A former ticket agent for an aviation service company in Maine can go ahead with her discrimination claim that she was fired allegedly because of the company’s stereotyped belief she would stand by her man and quit when it fired her partner, the ramp supervisor (Romero v. Flight Services & Systems, Inc.).
Two months earlier, the ticket agent had resigned alongside the ramp supervisor, although both were rehired the following month, according to court documents. A short time later, the ramp supervisor and the manager allegedly got into a heated discussion over a possible safety issue, and the manager terminated the couple in a joint text, court records said.

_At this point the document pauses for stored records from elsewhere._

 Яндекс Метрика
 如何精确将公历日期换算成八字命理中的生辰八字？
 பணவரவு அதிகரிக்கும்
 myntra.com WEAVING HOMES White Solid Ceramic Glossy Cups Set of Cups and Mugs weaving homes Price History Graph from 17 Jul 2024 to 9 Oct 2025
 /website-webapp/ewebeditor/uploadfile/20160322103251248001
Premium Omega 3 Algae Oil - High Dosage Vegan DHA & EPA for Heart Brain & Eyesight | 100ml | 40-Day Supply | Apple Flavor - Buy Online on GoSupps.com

In documents submitted to the Maine Civil Rights Commission, the senior safety director explained that because of the ticket agent’s “unpredictable track record” — due to her recently leaving the job after her boyfriend resigned — there was “a likelihood that she would once again abandon her employment,” the lawsuit alleged.

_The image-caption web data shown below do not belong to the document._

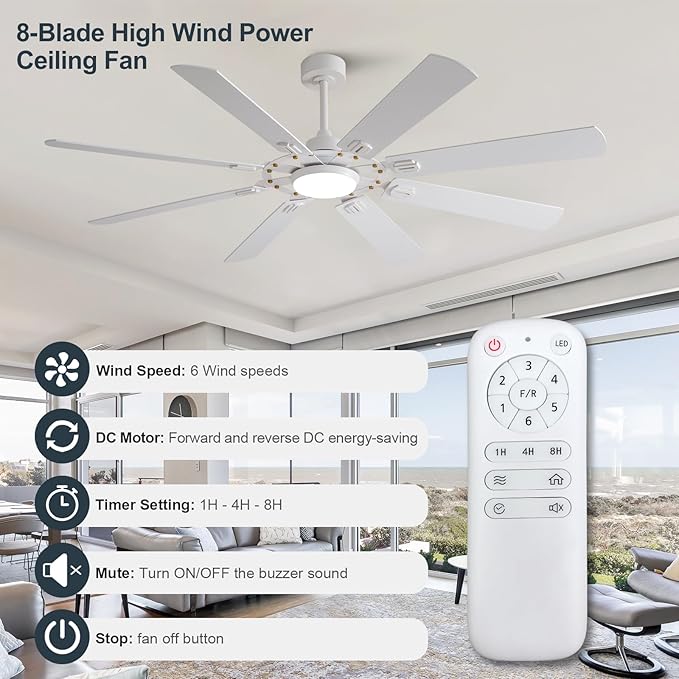 BOOMJOY 72 Inch Ceiling Fans with Lights and Remote, Indoor/Outdoor Ceiling Fan with Light, 8 Blades, Reversible Quiet DC Motor,Modern White Large Ceiling Fan for Living Room Patio Bedroom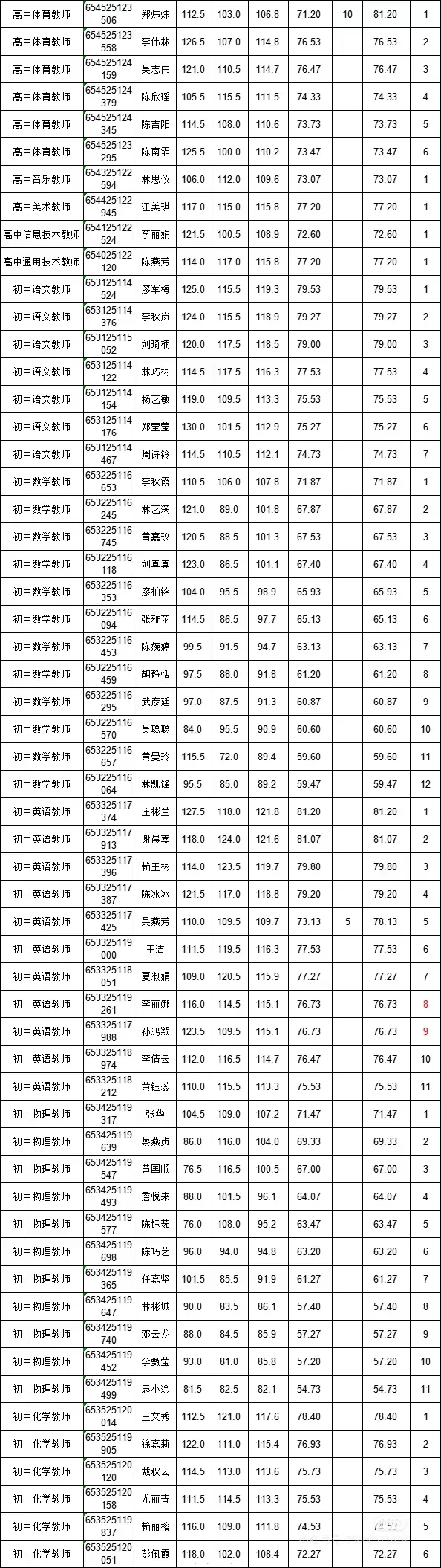 泉州教招无面试地区要达到的分数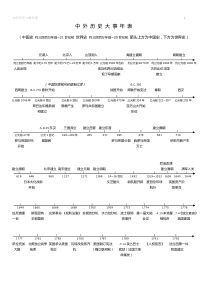 中外历史大事年表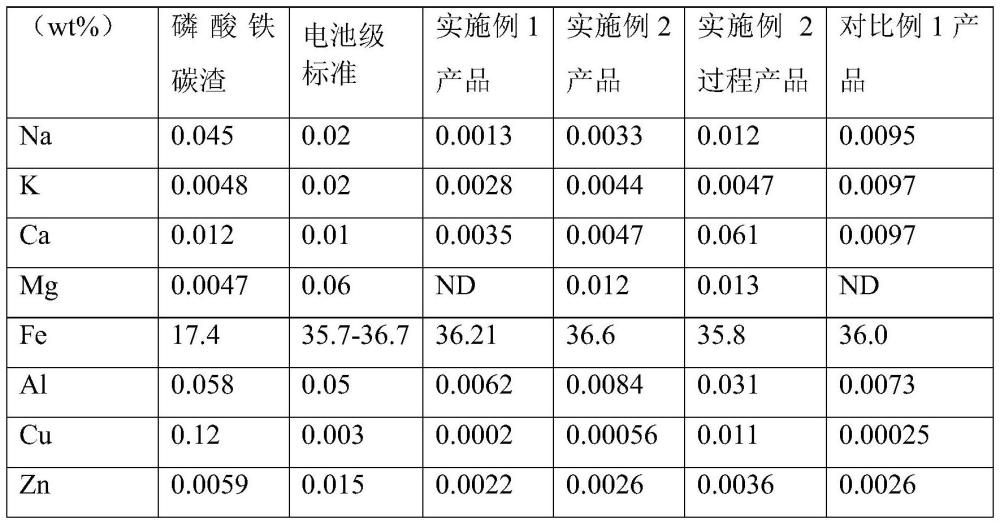 一種電池級磷酸鐵及其制備方法和應(yīng)用與流程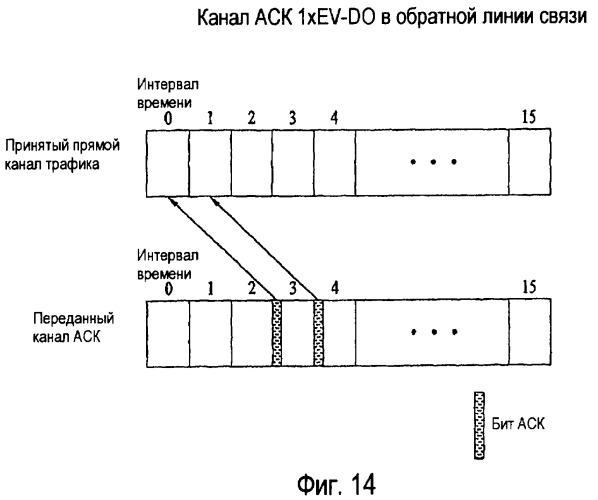 Способ и устройство, предназначенные для мультиплексирования множества каналов обратной связи обратной линии связи в беспроводных сетях с множеством несущих (патент 2397614)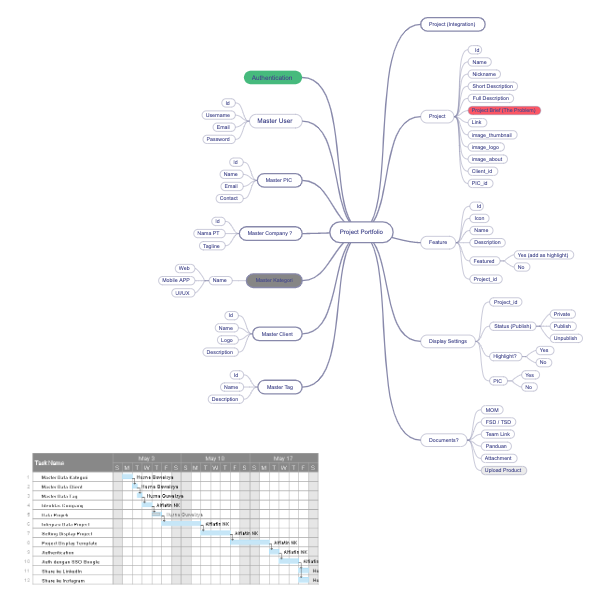 Projects Portfolio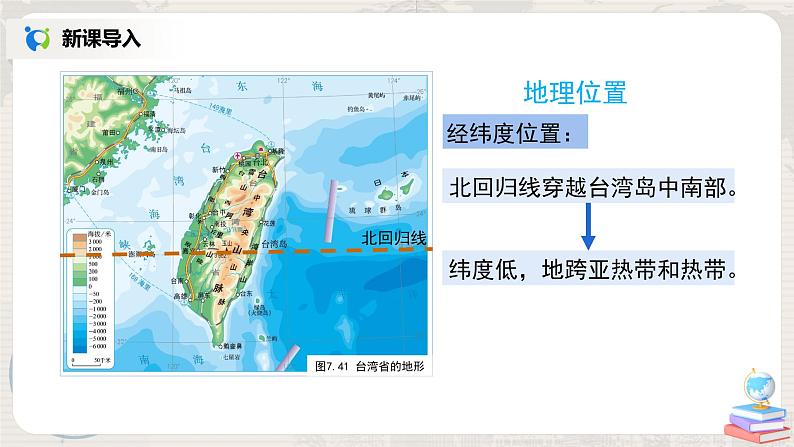 人教版八年级地理下册：7.4《祖国的神圣领土——台湾省》课件第5页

One could infer from the allegations that the company believed she previously quit because her boyfriend quit and that because it was firing him, she “would automatically leave rather than independently assess the situation and do what was best for her own career,” the court explained, refusing to dismiss the claim.
The court held that the couple plausibly alleged a sex discrimination claim under Title VII of the Civil Rights Act of 1964. “I have no trouble concluding that a stand-by-your-man sex-based stereotype exists and that [the plaintiff] has plausibly alleged that FSS applied that stereotype to her when it terminated her employment along with [her partner’s],” U.S. District Judge Nancy Torresen wrote.

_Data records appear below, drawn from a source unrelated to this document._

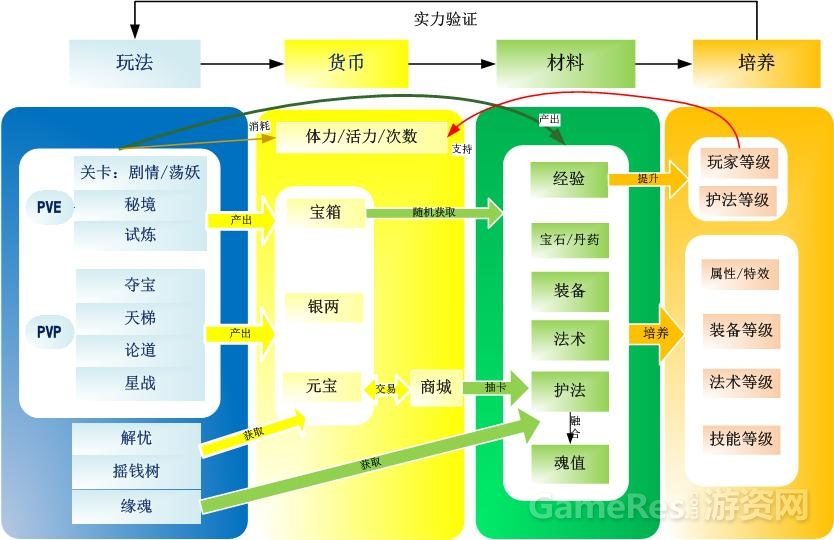 迷你西游.jpg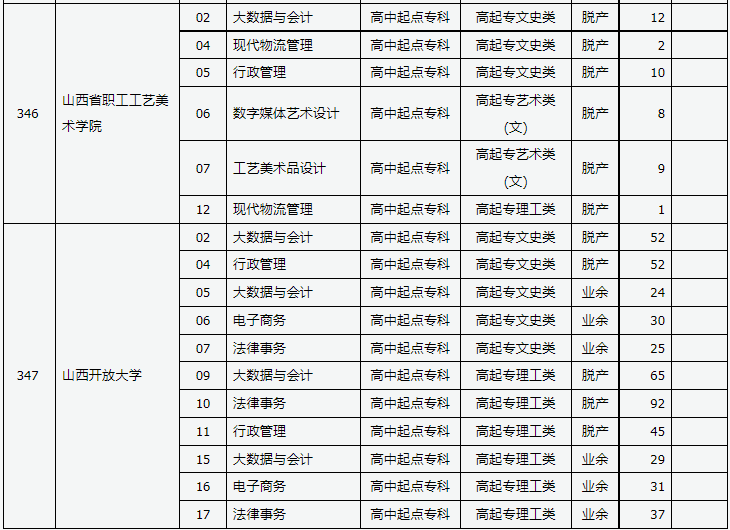 山西省2023年成人高校招生征集志愿公告第10号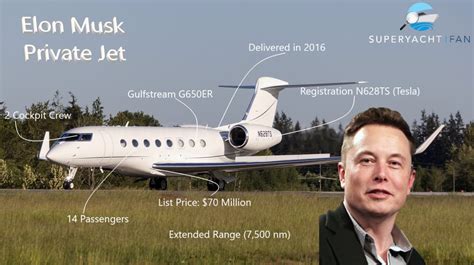 This Is Elon Musk Net Worth Private Jets And Business Success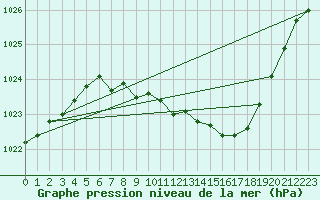 Courbe de la pression atmosphrique pour Weiden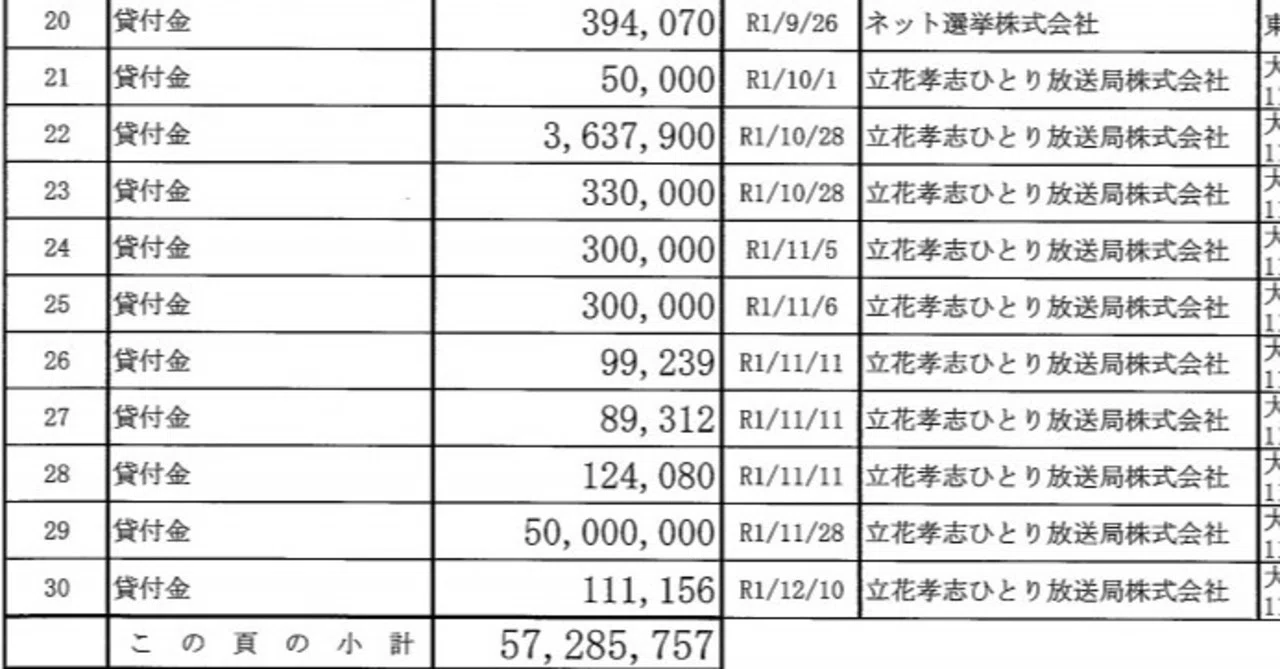 選挙ウォッチャー nhkから国民を守る党 動向チェック 239 チダイズム Note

Employment anti-discrimination laws — including Title VII, as alleged here — require that when making employment decisions, managers evaluate an employee as an individual, the U.S. Equal Employment Opportunity Commission points out in a guidance. Managers act counter to this obligation and unlawfully discriminate against an employee when they make decisions based on gender stereotypes, according to the guidance.
The principle applies even when employers make assumptions that are well-intended or perceived to be in the employee’s best interest, the EEOC has said. For instance, managers would still be acting contrary to the statutes if they made an employment decision based on an assumption that a working mother would not want to relocate to another city, even if that meant a promotion, according to the EEOC.
The agency recently pursued enforcement efforts against Walmart for allegedly acting on a similar stereotype. In January, the retail giant agreed to pay $60,000 to settle an EEOC lawsuit alleging it refused to promote a female employee because of stereotyped beliefs about working women with young families.
The court acknowledged the case could be complicated by the history, pointing out that according to FSS, after the ramp supervisor quit, the ticket agent didn’t show up for her next scheduled shift and that when the manager called to find out about her absence, she laughed and said she had already turned in her badge and was quitting.
Because the ticket agent left her job the same time the ramp supervisor quit, there “is some evidence FSS was not stereotyping a female employee, but rather basing an employment decision on [her] previous action,” the court said.
But on a motion to dismiss, the court had to make all inferences in the plaintiffs’ favor, it explained. Under this standard, the couple adequately alleged a discrimination claim based on a female stereotype, the court held.